Here is the concise explanation: you know how Jon barrages you with all sorts of flowery language to try to get you to buy his wine? Well, there are some wines that despite his hucksterism, they still can’t move. So, he has one of these mystery sales to make people intrigued, hoping that they will bite. Nothing more involved than that.
Rest assured, however, that even these wines come with the implicit Garagiste guarantee of fraud, bait and switch, and unfulfilled promises.
The first Mystery wines remain a mystery to this day. One thing they proved though, without a name label and high price, some wine is just not good.
The mystery wine concept has unfortunately spread to other on-line retailers, such as wine.com. I don’t think a local retailer would ever pull a stunt like that. It is a peculiar way of getting wine into the hands of people who probably will not like it.

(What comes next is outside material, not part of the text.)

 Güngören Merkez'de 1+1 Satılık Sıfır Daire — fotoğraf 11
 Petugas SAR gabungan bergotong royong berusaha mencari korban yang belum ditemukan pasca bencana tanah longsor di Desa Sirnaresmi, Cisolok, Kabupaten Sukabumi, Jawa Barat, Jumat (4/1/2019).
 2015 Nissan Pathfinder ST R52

Interesting that on an aussie forum, a similar discussion is debating cleanskins and mystery wines where a genuine (critic’s) tasting note is used to hint at what the wine is. Social media seems to be a factor (the e-coupon generation?).

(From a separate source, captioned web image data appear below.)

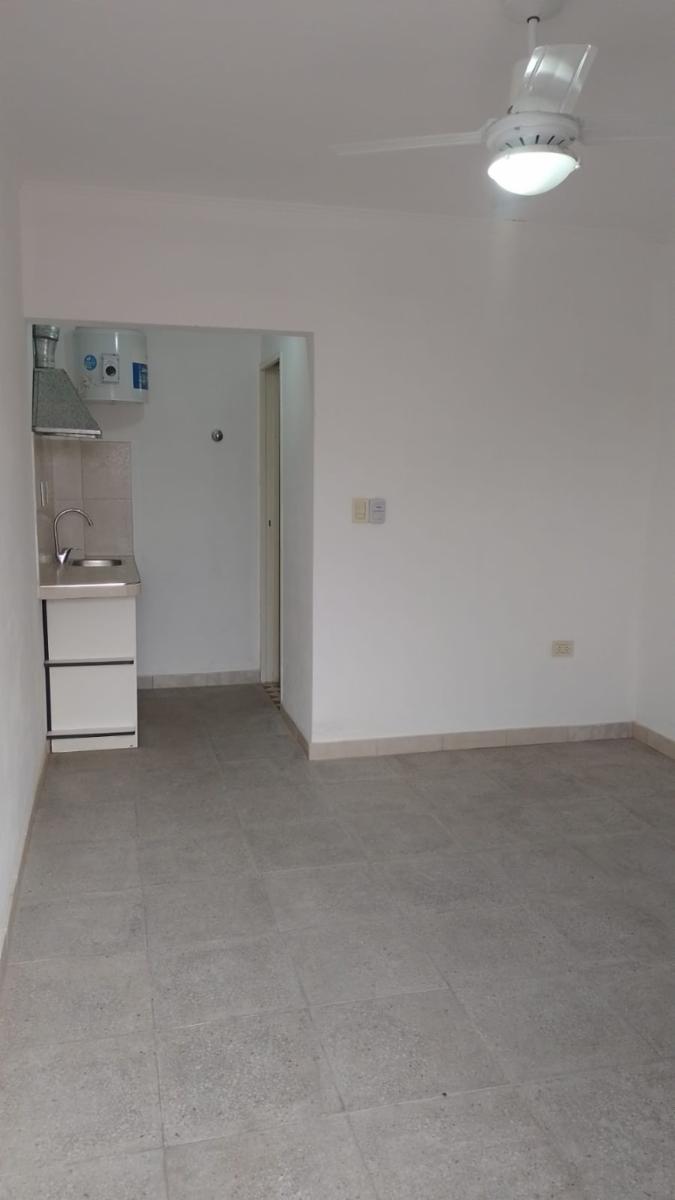 MAZA 2500 · Morón — foto 17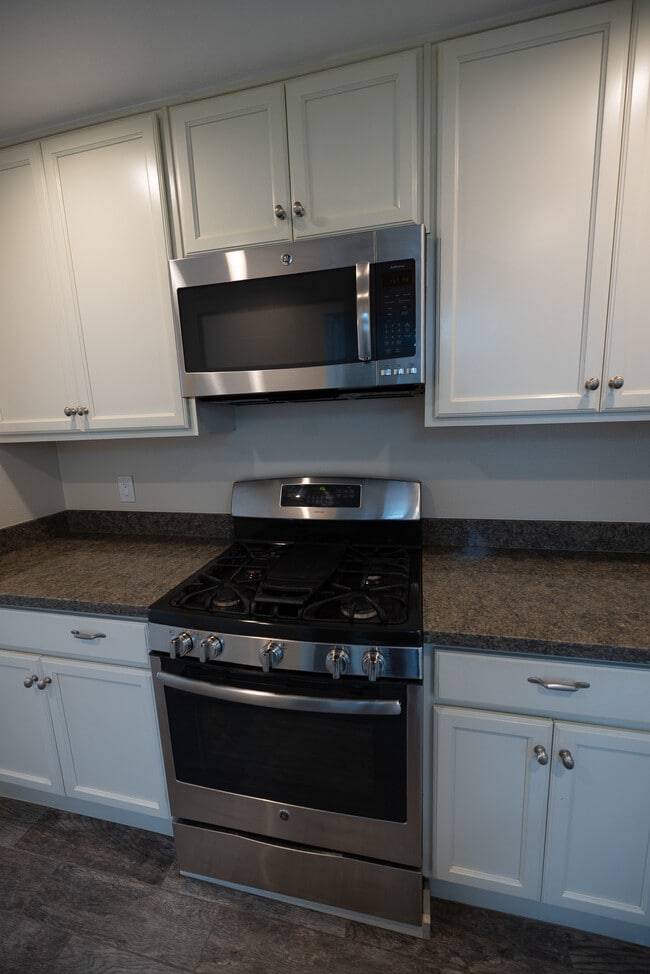 Building Photo - 3505 Idlewild Way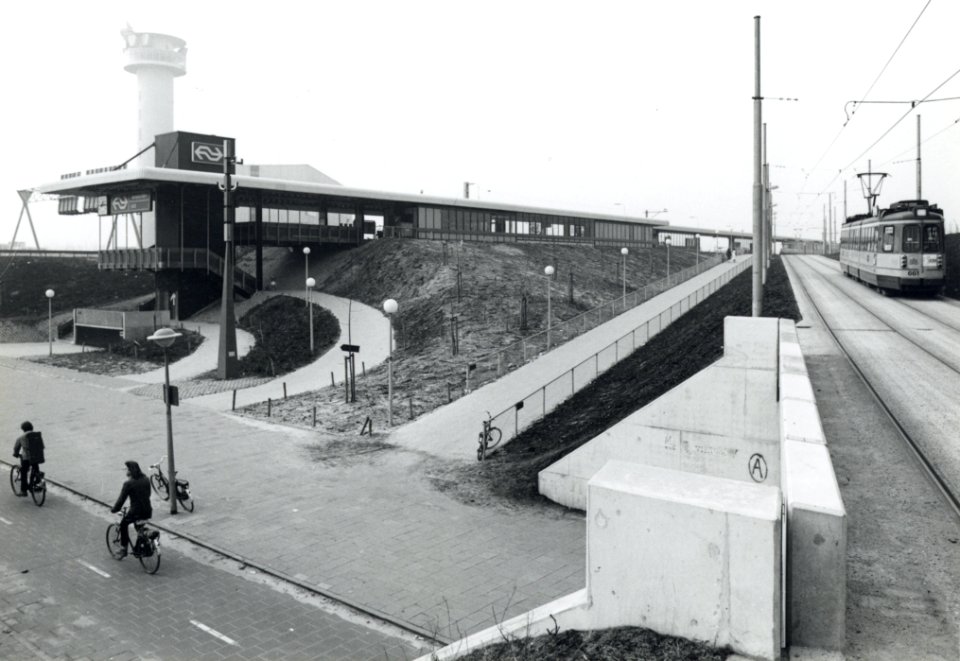 HUA-170789-Gezicht op het N.S.-station Amsterdam RAI te Amsterdam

This stuff bypasses me, and maybe we don’t even have it here. There was a retailer a while back who was selling genuine / label fully disclosed wines by the case / half case, clearly shifting bulk stock, but they stopped trading a while back. The stock was a mix of cheap tat, some stuff that was still overpriced, plus a few genuinely good price reductions and on a few occasions - on stuff that I liked.
But (a) the number who buy the wine from Garagiste is tiny compared to all the potential buyers for the wine at regular price and (b) there isn’t a likely a not more of it out there to be cleared out by the time it’s sold this way so this price won’t undercut sales of this particular wine.
Of course, if you saw that Clerico was blown at every year at $39.99, it would devalue the brand. But if it’s a one-time, one vintage deal, it probably doesn’t undercut the long-term pricing.
Winery A says they have 100 cases of wine that I need to move, either poor accounting, poor vintage, over valued wholesale price, ect.
They turn to their distributor (me) and say they will allow me to present it to Jon but it can’t have an advertised price (talked about above).
I represent the wine to Jon and don’t hear back… 3 weeks later I get an order for x cases of wine to be shipped that week.
The idea is that it is a true mystery until it shows up in the customers hands…
Many talk smack about Jon, but almost every winery stumbles along the way and needs someone to move volume of wine without devaluing what they have worked for.
+1 on what Todd said. I saw a distributor who no longer represented a winery and they got revenge by selling a high priced wine for less than half of current retail on it. That did some short term damage to the price people were willing to pay for the next vintage that came out at full price.
Unfortunately, as in most things, it seems to be both. On the one hand it makes perfect sense that a winery wants to protect its brand and $ perception while still moving some tough inventory that is good but not great (or any other reason), but with Garagiste it also seems too much like a bad car salesman pitch designed to offload crap. Both are probably true in different situations. I’ve never bought any of his Mystery wines, but I’ve seen people post about what they ended up being and not all of them were crap. my 2 cents.
To your point about “not all of them being crap”, that’s one of the pitfalls of “Mystery Wine” not always being something for the masses. It gets used to pimp wines that otherwise would be a hard wine sell since the deal isn’t that sexy.
I hear what so many are saying about the “protecting the price”, but the irony of that is the price does get out, and it does hurt the brand. It usually becomes a slippery slope too, once you do one deal, 6 retailers will call asking “what else do you have???”, and I should know, I made those calls all the time!
You have to sprinkle in enough truly great wines at well below market price, and it doesn’t have to always be an OMG price either. Folks are just as content with getting Insignia at 25% off (since it’s basically the same price everywhere) as they are getting some single vineyard Barolo for $29.99 for at least a good producer.
It doesn’t have to be revenge. The old distributor just doesn’t want to be selling past vintages in competition with the latest releases and they don’t want their sales people devoting resources to a product they won’t be selling in the future.